DAVI Basic Charts - redo

Posted Dec 14, 2024 Updated Dec 19, 2024

By Wei Xiong

8 min read

Lecture Notes on Basic Chart Types and Visualization Principles

Date: (From the provided transcript)
Topic: Basic Chart Types (Scatterplots, Line Charts, Area Charts, Bar Charts, Histograms, and Radial Variants)
Context: The professor discusses fundamental design considerations for various common visualization types. The lecture also includes a quiz on color scales and data types, and emphasizes careful selection of charts, proper scaling, aspect ratios, labeling, and ensuring that the representation of data is accurate and expressive.

Introduction to Basic Chart Types

Why focus on basic charts?

Common and well-known: Bar charts, line charts, scatterplots, etc., form 90% of use cases.
Widely understood and easily created in standard tools.
These charts solve most visualization problems.
Basic charts serve as building blocks for more complex visuals.

Charts Covered:

Scatterplots
Line charts (including step and area variants)
Bar charts
Histograms
Radial variants (briefly)

Concept: These design principles (scaling, aspect ratio, ordering) apply not just to basic charts but to any chart type you may later consider.

Scatterplots

Key Advantages:

Extremely versatile: show correlations, trends, outliers, clusters, nonlinear relationships.
Position is a strong channel, making scatterplots very perceptually effective.
Show multiple patterns at once.

When to Use a Scatterplot:

For two quantitative variables.
If discrete attributes (like number of cylinders in cars) create vertical lines, a scatterplot might not be best. Consider boxplots or alternative representations.

Key Design Decisions:

Scaling and Zoom:
- Zoom level affects perceived correlation strength. Too zoomed out = stronger apparent trend; too zoomed in = less strong trend.
Aspect Ratio:
- No single perfect ratio. Some research suggests using algorithms or heuristics to find an optimal aspect ratio for best pattern visibility.
Tick Marks and Gridlines:
- Placing tick marks is non-trivial. Various algorithms (Heckbert, R-Pretty, Wilkinson) exist to find “nice” tick spacing.
- Gridlines: Use only if exact reading of values is necessary. Otherwise, gridlines add clutter.
Helpers:
- Quadrants / Average Lines: Adding reference lines (mean lines) helps chunk data, aiding interpretation.
- Trend Lines: Add only if a trend is relevant. Make them distinct (dashed, lighter) from the data.
Dot Shape/Size:
- Dots can be circles, squares, etc. For sensor data with uncertainty, squares indicating a confidence interval region can help communicate measurement accuracy.
Overplotting and Overcrowding:
- Overplotting: Many points on top of each other.
  Solutions: Transparency, jittering (small random offsets), or combining both.
- Overcrowding: Too many points everywhere.
  Solutions: Binning (hexbin or square bins), heatmaps, splitter plots (density contours plus outliers as points).

Spatial (Map) Analogy:

Dot maps can be treated similarly: binning or heatmaps may require normalization by population density to avoid misleading patterns.
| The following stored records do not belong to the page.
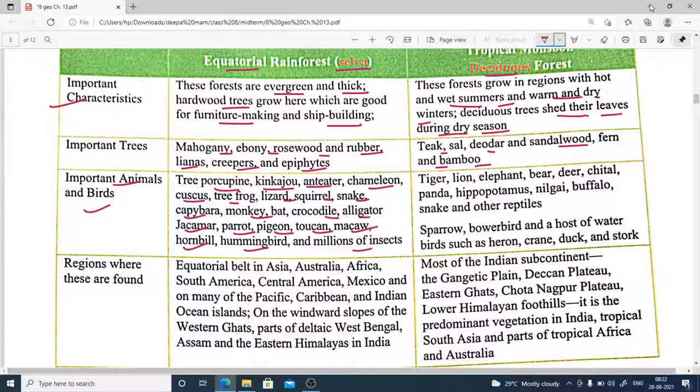Tropical monsoon forests are home to tiger, lion, elephant, bear, deer, cheetah, panda, hippopotamus, nilgai, buffalo, snakes, and other reptiles, as well as wader birds and water birds such as heron, crane, duck, and stork.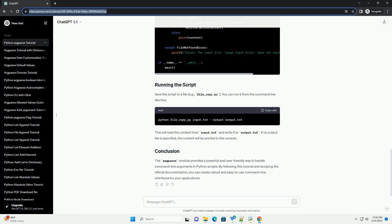This will read the content from input.txt and write it to output.txt. If no output file is specified, the content will be printed to the console.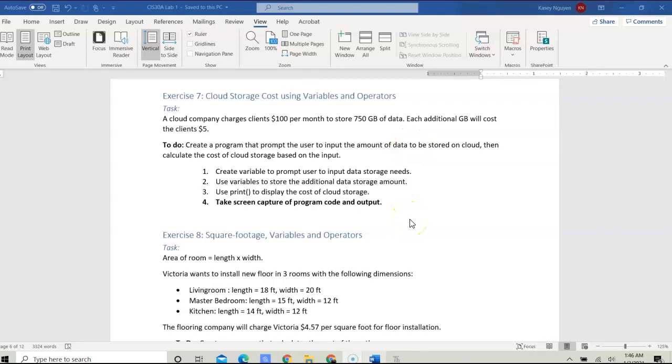In this video, I'm going to talk about CIS 30A Lab 1 Exercise 7: Cloud Storage Cost using Variables and Operators.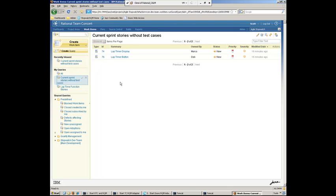we can see that whereas before we had three stories, we now see the lap timer control is no longer showing here. So lap timer button and display are the only ones left that don't have test cases aligned with them.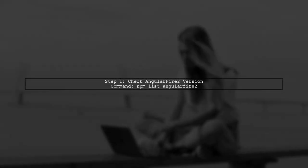First, let's check the version of AngularFire2 in your project. Open your terminal and run the command, npm list AngularFire2.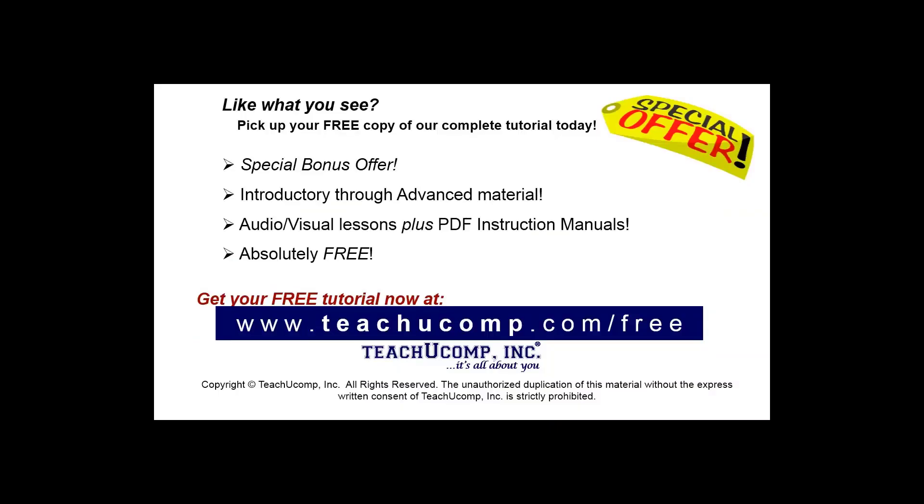Like what you see? Pick up your free copy of the complete tutorial at www.teachyoucomp.com forward slash free.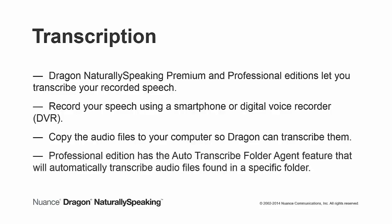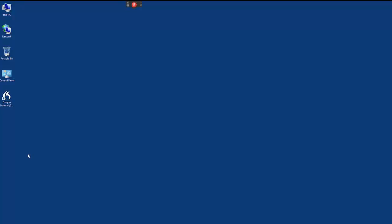The Professional Edition has the Auto Transcribe Folder Agent feature that will automatically transcribe audio files found in a specific folder. To begin transcription,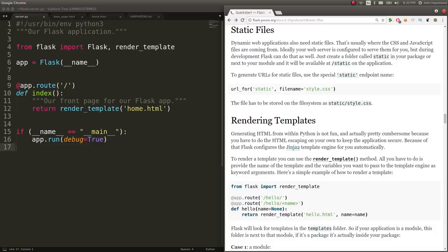What's up guys? My name is John Hammond. In the last video we were looking at Flask with Python and setting up some Jinja 2 templates.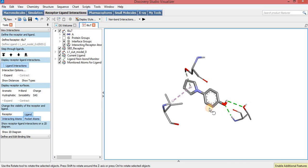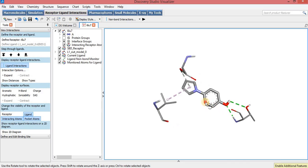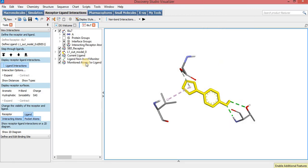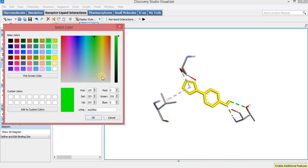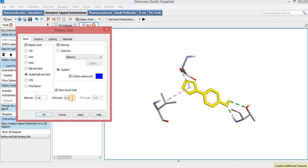To change the display style and color of the ligand, select it, then right-click. These are the different display styles for the ligand; I will select Scale Bar and Stick. I will color only the carbon atoms so that other atoms like oxygen and nitrogen can be easily differentiated. I will select blue color for the ligand and also change the stick size from 0.20 to 0.30.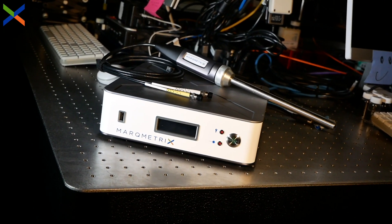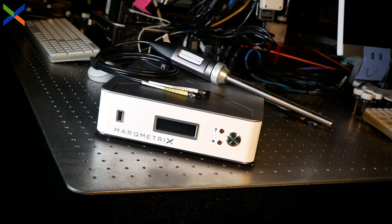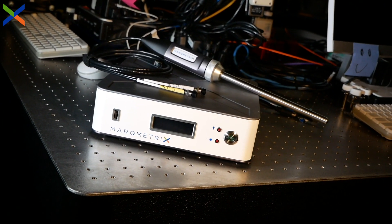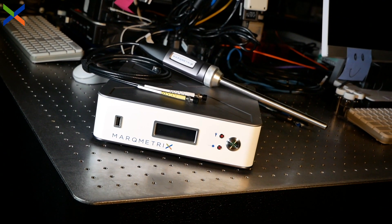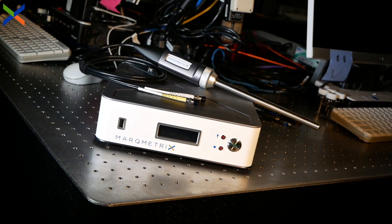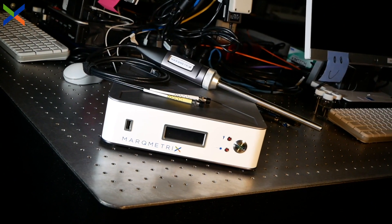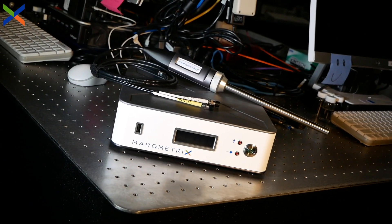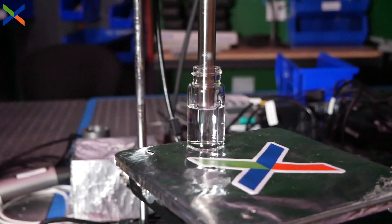In previous videos, we've explored how easily and quickly users can acquire data-rich compositional information with a MarqMetrix all-in-one Raman system.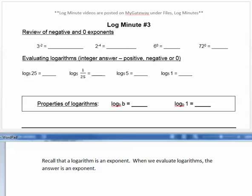Recall that a logarithm is an exponent. When we evaluate logarithms, the answer is an exponent.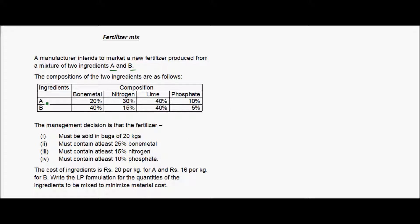We have two ingredients A and B that we combine to create a new fertilizer C. The condition is that C should be sold in bags of 20 kgs, and the quantities of A and B in this 20 kgs must ensure the final fertilizer C contains at least 25% bone metal, 15% nitrogen, and 10% phosphate.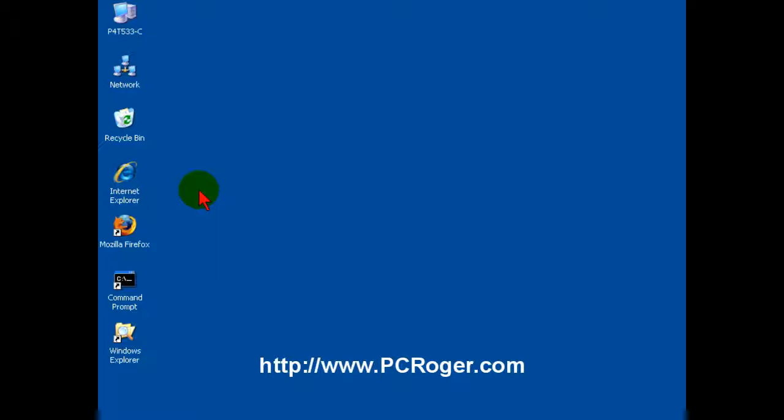So that's it for this short video tip. I hope it's helped you out in some way. Please come to my website, www.pcroger.com. I've got a lot of other video tips and a lot of other information there to help you with your computer. Thanks for watching.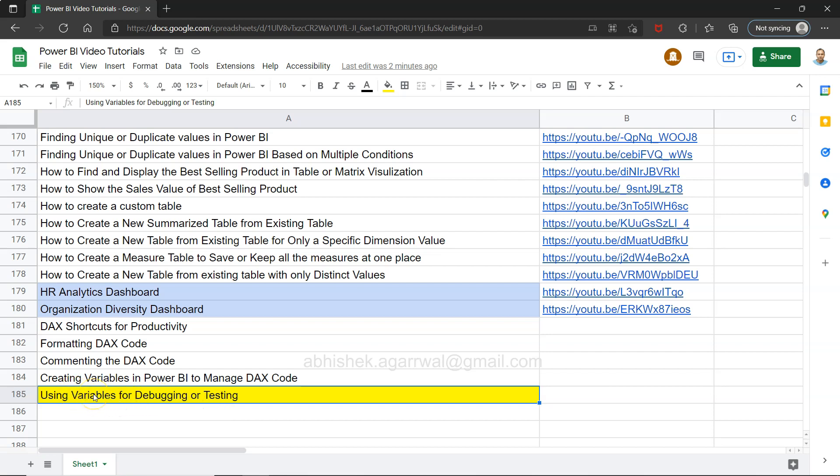Hello and welcome to the new Power BI tutorial video. In this video I want to show you how you can use variables for debugging or testing. What I mean by that is whenever you're creating a DAX calculation or a big calculation, if you want to test a part of it to see what output it's giving, you can do that.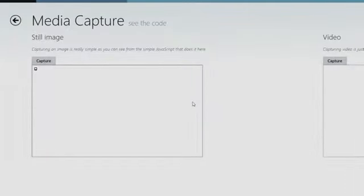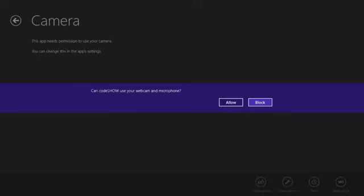Now let's see the demo in action. When I hit capture, the UI launches, but first — since this is the first time running this app on this machine — it asks: 'Can CodeShow use your webcam and microphone?' This is really important. You certainly don't want an app to access your webcam without your knowledge. Windows 8 gives users control, and developers need to respect that.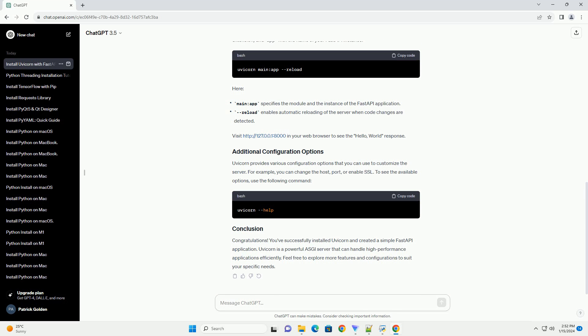Uvicorn provides various configuration options that you can use to customize the server. For example, you can change the host, port, or enable SSL. To see the available options, use the following command.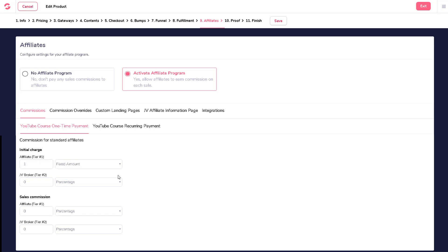With GrooveSell, you can also set up a two-tier affiliate program, which means that not only would your affiliates get paid to refer sales, they can also be compensated if they also refer affiliates who promote your products. To activate, simply enter in how much you want to pay your affiliates if they refer other affiliates in the JV broker tier 2 field.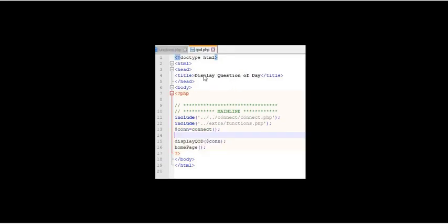Now on the question of the day page it's going to look fairly similar to the other pages we already have. We link to the connect page, link to the functions page, call the connect, then we're going to have this display QOD function with dollar sign con. So we're sending our connection to there.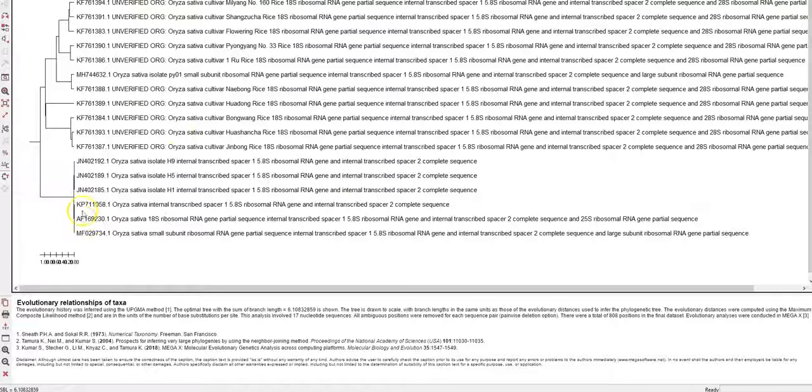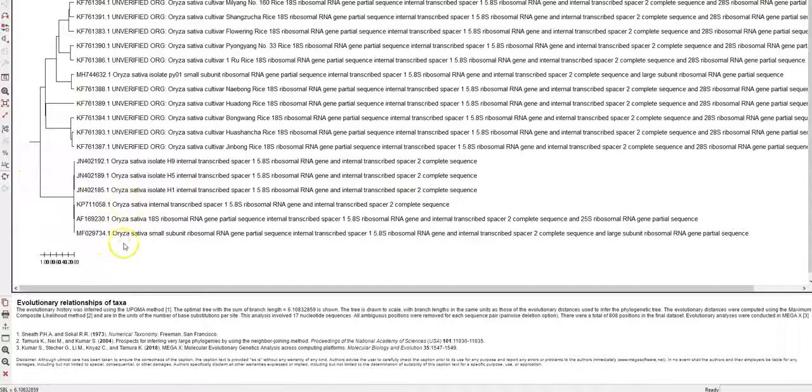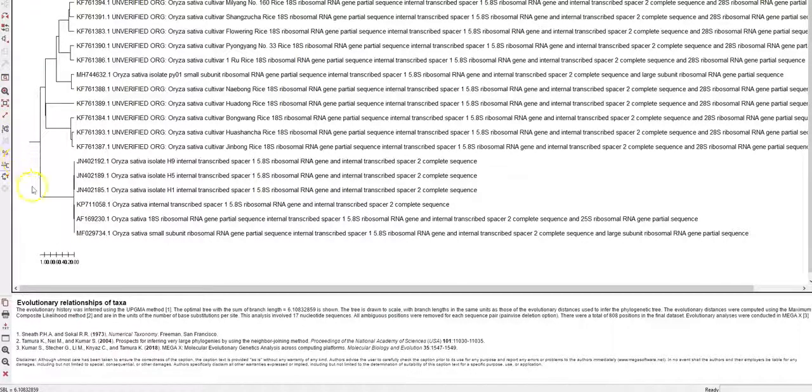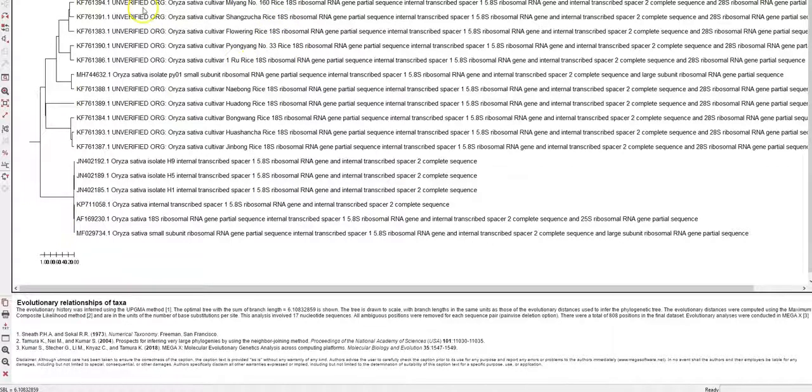You can see the distribution of the various sequences and their clustering based on their sequence homology or the sequence similarity. This is a very useful software for the analysis of sequence data.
Conclusion on Scatterplots:

They are a “multi-tool” of visualization.
Some researchers argue scatterplots could handle most tasks if designed properly.

Line Charts

Typical Use Case:

Often used for time series data.
Show trends over time (or over a continuous variable like input size in benchmarking).

Does It Make Sense?

Don’t use line charts for categorical data (e.g., gold, silver, bronze) that can be reordered arbitrarily.

Design Considerations:

Scaling the Y-Axis:
- Show full range to avoid misleading impressions.
Aspect Ratio:
- Cleveland & Cleveland (1980s research) suggest aiming for a ~45° slope for the main trend line for good readability.
Gridlines:
- Same rule as scatterplots: only if exact reading is necessary.
Trend Lines & Interpolation:
- Trend lines are helpful to show general direction but distinguish them from actual data.
- Consider step lines if data represent discrete intervals.
Multiple Lines:
- If many lines overlap (spaghetti plot), draw highly fluctuating lines first, smoother lines last, to reduce occlusion.

Noisy Data:

Consider smoothing noisy line data. Show original data as faint points or as an envelope (min-max range) around the smoothed line.
Decide between line or scatter: If very noisy, scatter may be better.

Connected Scatterplots:

Combine two variables over time and connect points in chronological order, showing a trajectory through attribute space.

Area Charts

Definition:

A line chart with the area under the line filled in.
Often used for amounts that accumulate.

Stacked Area Charts:

Each layer represents a portion of the total. The top line (silhouette) shows the total sum at any point in time.
Only stack if layers add up to something meaningful.

Ordering Layers:

Order layers to be as horizontal as possible, avoiding the “sine-wave” illusion.
Incorrect order can create optical illusions and misinterpretations.

Examples:

Choosing layer order is computationally non-trivial but essential for clarity.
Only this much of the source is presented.